BRICS dinilai dapat jadi sumber pendanaan transisi energi Indonesia
Direktur Eksekutif Yayasan Indonesia CERAH Agung Budiono mengatakan Indonesia dapat memanfaatkan keanggotaannya di ...
Mungkin, kalau diplomasi iklim Indonesia kuat dan minta dukungan pendanaan yang lebih konkret ke China, bakal ada peluang positif
Jakarta (ANTARA) - Direktur Eksekutif Yayasan Indonesia CERAH Agung Budiono mengatakan Indonesia dapat memanfaatkan keanggotaannya di blok ekonomi Brasil, Rusia, India, China, dan Afrika Selatan (BRICS) untuk mendapatkan pendanaan transisi energi.

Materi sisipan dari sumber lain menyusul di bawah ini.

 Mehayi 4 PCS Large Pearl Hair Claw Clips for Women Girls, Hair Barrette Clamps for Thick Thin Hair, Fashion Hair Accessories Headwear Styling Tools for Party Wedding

"BRICS barangkali bisa menjadi peluang untuk menutup gap (pendanaan) ini," ujar Agung ketika dihubungi ANTARA di Jakarta, Rabu.
Pernyataan tersebut merespons keluarnya Amerika Serikat dari Perjanjian Paris (Paris Agreement), yang berdampak pada program pendanaan, seperti Just Energy Transition Partnership (JETP).

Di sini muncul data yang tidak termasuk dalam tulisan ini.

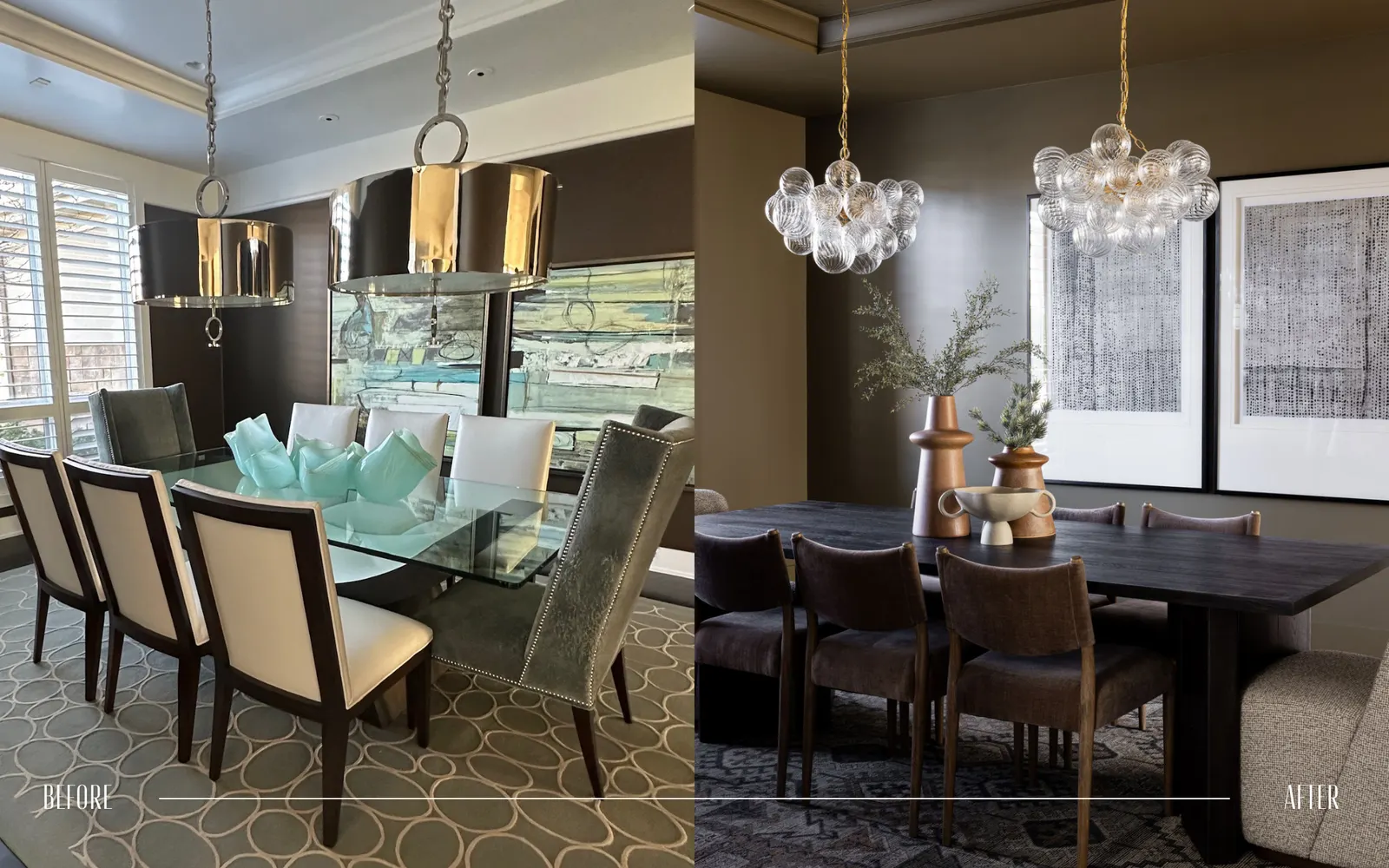 A side-by-side comparison of a dining room before and after renovation. The 'before' side features a light-filled room with a glass-top table, foldable chairs with upholstered seats, and metallic pendant lights, with a patterned carpet on the floor.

Program JETP bergantung pada dukungan negara-negara maju, yang mana AS dan Jepang adalah pemimpinnya.
Oleh karena itu, keluarnya AS dari Perjanjian Paris dapat berimplikasi pada penundaan atau pengurangan dana.
Baca juga:
Agung melihat terdapat peluang kepemimpinan China untuk menjadi green leader dalam mendukung transisi energi di Indonesia.
"Misalnya, dulu ada wacana Green Belt and Road Initiative, mungkin itu bisa benar-benar diseriusi dan dieksekusi," ucap Agung.

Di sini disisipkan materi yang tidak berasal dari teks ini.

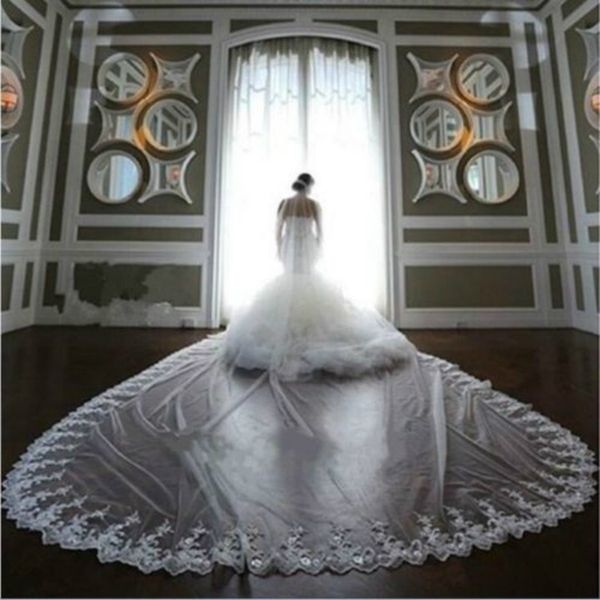 

new fashion cathedral length bridal veils with appliques edge long wedding veil vestido de noiva dress accessories, Black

China, lanjut dia, bisa menyediakan pendanaan untuk ekspansi energi terbarukan sesuai pernyataan Presiden Prabowo Subianto di G20 yang akan membangun 75 GW energi terbarukan dalam 15 tahun ke depan.
"Tentu, ini juga tergantung dari kemauan China sendiri," ucapnya.
Agung juga menyoroti kecenderungan China yang pada saat bersamaan masih secara agresif memanfaatkan energi fosil.
Misalkan, di beberapa smelter nikel yang dimiliki China, pembangunan captive power plant juga masih berlangsung.
"Mungkin, kalau diplomasi iklim Indonesia kuat dan minta dukungan pendanaan yang lebih konkret ke China, bakal ada peluang positif," sebut Agung.
Sebelumnya, Presiden Amerika Serikat Donald Trump menyatakan bahwa Amerika Serikat akan menarik diri dari Perjanjian Iklim Paris karena menganggap perjanjian tersebut tidak adil dan berat sebelah.
Perjanjian Paris tentang perubahan iklim diadopsi pada 2015 oleh 195 anggota Konvensi Kerangka Kerja PBB tentang Perubahan Iklim.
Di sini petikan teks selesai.